Group-IB: Russian Cyber Criminals Manipulated Ruble Rate

Published: 10 February 2016

(Image Credit:  Perspecsys Photos via Flickr)(Image Credit: Perspecsys Photos via Flickr)

By Stella Roque

Cybersecurity firm, Group-IB, published a report detailing how cyber criminals accessed terminals of a Russian foreign exchange (FOREX) trading system and made trades worth more than US$ 400 million in February 2015.

According to the report, a team of Russian-speaking cyber criminals, possibly colluding with unidentified brokerage firms, used a trojan virus or malware called Corkow (also known as Metel), to loot the trading systems. The malware constantly updated itself to avoid detection from antivirus programs and allowed the criminals to have remote access to trading systems.

The trading systems belonged to Kazan-based Energobank, Group-IB told Bloomberg. They did not identify the individual attackers but said the sudden volatility on the FOREX alerted the Russian Central Bank to investigate possible market manipulation.

The Moscow Exchange reported it was not attacked in the February 2015 incident, according to Bloomberg.

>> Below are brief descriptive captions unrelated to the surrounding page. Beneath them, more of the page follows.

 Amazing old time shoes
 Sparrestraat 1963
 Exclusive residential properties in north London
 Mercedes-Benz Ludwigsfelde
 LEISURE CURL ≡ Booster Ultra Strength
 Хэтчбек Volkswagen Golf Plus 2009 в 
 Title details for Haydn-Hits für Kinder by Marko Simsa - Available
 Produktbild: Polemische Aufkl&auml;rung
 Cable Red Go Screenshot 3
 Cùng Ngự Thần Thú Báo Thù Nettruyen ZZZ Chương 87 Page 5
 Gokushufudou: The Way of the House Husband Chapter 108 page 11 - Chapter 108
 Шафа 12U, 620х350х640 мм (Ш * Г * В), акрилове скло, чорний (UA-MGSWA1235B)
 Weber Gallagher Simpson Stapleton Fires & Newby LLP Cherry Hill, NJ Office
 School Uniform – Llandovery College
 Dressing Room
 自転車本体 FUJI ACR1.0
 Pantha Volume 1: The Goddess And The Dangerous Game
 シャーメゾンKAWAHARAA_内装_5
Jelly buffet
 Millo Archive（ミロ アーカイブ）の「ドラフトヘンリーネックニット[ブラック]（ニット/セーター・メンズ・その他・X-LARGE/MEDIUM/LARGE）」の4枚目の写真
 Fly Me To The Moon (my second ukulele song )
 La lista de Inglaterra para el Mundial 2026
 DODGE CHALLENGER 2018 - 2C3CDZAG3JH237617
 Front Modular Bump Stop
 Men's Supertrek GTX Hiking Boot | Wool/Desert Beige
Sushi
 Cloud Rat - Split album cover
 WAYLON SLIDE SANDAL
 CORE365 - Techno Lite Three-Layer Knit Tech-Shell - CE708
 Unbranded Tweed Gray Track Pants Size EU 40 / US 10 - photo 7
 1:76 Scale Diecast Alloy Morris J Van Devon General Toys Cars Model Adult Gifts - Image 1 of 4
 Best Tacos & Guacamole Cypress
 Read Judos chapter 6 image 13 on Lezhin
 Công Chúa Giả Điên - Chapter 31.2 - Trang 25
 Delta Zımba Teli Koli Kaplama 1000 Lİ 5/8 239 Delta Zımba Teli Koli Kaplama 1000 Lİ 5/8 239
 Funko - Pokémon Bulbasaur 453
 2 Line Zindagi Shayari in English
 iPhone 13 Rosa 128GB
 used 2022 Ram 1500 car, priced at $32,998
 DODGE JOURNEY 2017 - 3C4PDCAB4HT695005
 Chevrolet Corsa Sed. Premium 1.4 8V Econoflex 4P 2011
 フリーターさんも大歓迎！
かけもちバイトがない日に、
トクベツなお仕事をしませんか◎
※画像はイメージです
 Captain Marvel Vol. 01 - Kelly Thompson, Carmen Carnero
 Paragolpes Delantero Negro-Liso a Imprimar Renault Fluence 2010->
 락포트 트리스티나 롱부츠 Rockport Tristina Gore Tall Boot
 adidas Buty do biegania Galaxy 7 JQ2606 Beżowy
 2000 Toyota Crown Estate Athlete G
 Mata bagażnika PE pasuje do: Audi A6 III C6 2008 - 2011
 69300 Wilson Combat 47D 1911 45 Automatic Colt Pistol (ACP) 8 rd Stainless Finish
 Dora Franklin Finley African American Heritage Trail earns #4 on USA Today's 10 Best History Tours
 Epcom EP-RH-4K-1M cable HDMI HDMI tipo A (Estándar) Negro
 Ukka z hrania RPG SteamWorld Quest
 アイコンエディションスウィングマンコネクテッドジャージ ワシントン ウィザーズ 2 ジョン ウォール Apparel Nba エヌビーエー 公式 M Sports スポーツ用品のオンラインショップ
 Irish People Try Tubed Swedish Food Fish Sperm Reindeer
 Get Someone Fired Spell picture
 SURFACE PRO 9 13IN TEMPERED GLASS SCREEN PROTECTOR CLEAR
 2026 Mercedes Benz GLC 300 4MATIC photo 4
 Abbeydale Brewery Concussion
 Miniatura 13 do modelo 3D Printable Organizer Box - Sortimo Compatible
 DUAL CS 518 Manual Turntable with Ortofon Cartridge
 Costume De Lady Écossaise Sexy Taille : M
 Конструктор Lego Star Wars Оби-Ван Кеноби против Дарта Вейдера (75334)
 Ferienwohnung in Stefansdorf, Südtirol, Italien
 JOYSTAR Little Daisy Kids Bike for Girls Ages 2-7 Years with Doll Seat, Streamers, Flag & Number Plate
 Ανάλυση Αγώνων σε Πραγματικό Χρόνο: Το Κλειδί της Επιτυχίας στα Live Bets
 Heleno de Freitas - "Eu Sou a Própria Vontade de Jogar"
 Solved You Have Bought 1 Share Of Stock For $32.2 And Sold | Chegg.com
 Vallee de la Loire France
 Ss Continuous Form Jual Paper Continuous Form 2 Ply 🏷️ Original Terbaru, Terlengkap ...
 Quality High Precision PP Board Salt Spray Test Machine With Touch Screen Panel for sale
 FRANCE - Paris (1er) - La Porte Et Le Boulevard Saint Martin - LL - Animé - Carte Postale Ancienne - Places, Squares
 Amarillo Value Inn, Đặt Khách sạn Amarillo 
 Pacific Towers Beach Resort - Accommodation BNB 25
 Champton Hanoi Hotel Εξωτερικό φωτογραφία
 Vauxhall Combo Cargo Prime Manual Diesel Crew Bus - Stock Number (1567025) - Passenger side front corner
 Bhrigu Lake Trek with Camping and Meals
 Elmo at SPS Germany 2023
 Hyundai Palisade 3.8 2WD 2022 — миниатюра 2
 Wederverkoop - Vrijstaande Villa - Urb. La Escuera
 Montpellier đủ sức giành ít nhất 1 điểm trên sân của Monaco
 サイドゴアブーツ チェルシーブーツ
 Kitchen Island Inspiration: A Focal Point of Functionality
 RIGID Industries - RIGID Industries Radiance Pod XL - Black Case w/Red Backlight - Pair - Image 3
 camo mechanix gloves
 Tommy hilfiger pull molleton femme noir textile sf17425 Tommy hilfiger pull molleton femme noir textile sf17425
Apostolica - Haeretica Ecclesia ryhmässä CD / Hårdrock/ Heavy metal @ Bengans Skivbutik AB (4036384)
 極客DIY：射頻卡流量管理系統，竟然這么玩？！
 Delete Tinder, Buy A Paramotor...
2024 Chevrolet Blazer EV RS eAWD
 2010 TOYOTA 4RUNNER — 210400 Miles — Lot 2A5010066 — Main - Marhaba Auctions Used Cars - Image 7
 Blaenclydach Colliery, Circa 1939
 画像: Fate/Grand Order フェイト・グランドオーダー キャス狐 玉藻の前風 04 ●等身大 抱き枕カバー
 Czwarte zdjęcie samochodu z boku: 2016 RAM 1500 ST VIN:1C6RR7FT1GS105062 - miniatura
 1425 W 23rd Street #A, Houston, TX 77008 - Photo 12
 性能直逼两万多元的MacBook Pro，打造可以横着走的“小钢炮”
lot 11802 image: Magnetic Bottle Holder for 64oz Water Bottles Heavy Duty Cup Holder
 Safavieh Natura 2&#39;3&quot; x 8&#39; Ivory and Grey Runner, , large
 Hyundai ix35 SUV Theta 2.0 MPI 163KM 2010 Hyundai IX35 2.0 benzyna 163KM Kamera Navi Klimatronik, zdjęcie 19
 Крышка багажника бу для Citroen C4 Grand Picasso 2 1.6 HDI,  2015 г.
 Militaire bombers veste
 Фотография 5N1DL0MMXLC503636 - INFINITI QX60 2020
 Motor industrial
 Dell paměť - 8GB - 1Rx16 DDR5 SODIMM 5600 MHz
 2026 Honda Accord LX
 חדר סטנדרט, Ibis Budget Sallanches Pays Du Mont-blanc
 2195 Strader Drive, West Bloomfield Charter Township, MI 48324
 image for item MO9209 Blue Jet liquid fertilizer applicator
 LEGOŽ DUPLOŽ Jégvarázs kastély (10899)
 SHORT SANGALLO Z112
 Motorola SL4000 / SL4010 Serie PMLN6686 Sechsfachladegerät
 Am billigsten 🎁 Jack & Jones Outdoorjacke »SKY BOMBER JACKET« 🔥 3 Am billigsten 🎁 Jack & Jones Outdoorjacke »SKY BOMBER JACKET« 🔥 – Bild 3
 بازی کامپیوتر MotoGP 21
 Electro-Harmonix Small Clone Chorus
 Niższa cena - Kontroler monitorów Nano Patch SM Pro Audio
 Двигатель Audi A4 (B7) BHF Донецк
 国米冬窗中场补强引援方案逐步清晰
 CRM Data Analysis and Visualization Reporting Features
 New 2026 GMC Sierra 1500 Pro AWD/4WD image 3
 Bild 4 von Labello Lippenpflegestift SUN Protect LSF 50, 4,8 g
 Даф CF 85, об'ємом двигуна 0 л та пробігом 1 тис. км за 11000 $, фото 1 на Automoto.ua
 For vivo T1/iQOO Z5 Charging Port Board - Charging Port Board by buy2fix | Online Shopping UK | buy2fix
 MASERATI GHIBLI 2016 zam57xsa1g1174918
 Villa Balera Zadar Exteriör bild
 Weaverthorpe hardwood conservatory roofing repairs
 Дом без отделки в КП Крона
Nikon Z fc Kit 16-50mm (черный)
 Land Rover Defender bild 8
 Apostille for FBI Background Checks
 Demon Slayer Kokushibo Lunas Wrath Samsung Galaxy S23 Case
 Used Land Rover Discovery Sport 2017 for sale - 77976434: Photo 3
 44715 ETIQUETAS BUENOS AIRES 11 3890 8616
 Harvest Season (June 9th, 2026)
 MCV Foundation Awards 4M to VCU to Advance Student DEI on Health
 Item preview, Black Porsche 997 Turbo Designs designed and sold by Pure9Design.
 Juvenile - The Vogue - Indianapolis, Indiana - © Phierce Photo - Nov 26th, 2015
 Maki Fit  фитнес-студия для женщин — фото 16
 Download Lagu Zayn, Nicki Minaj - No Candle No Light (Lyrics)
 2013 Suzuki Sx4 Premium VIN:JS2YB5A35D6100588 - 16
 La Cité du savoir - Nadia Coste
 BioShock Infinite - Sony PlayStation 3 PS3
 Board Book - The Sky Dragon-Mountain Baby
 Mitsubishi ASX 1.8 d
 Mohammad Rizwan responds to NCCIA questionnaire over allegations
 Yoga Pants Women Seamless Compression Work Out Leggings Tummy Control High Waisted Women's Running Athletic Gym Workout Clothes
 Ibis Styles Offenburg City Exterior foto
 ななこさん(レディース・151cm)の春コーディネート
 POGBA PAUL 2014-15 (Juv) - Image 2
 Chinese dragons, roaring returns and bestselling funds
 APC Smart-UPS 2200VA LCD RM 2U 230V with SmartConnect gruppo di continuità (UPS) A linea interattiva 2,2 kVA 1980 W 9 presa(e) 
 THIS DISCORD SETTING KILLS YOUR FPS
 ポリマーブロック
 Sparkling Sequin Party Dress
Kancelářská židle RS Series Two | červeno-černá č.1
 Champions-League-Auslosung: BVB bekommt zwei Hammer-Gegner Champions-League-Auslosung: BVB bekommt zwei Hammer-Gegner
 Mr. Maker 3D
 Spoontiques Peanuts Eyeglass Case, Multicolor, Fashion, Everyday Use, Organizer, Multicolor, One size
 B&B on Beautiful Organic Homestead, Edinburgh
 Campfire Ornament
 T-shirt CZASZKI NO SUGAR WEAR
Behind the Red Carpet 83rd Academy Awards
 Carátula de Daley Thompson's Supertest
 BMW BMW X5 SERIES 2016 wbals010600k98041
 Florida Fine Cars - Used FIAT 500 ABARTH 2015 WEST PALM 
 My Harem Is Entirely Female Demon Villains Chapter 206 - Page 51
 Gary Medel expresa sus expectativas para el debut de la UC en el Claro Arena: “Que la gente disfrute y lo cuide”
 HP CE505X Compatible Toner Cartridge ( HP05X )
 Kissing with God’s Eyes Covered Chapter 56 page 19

The Russian Central Bank found no evidence of currency market manipulation in a separate probe, suggesting traders’ mistakes may have caused the strange fluctuations.

Using Corkow, the criminals bought US dollars with rubles on behalf of the bank. The attack lasted only 14 minutes, after which one of the criminals commanded Corkow to delete itself from the system along with any traces of its activity.

The report concluded that the criminals would have needed US$ 22 million to make the trades suggesting they conspired with major brokerage clients to have the cash to buy and sell currency on the FOREX.

Experts at Group-IB believed the incident was a “test” to assess the trojan’s ability to affect the market and make money. They claimed many traders profited from market volatility that the attack created while the cyber criminals allegedly received nothing.

Group-IB added they did not believe intelligence services were involved in the attacks.

In August 2015, Group-IB found the same trojan malware was used to attack bank card systems at 250 ATMs. Hundreds of millions of rubles were stolen via ATMs by the criminals.

As of early 2015, the criminals controlled over 250,000 infected devices worldwide, a network known as a botnet. More than 100 financial institutions were infected and co-opted onto the network.

The firm noted that most of the computers infected were connected to “highly protected” internal networks and had popular antivirus software installed.

Cyber criminals are showing greater interest toward trading and brokerage systems as evidenced by the specific malware they used, according to Group-IB. They have primarily targeted companies in Russia and the former Soviet republics, although attacks targeting the United States have increased fivefold since 2011.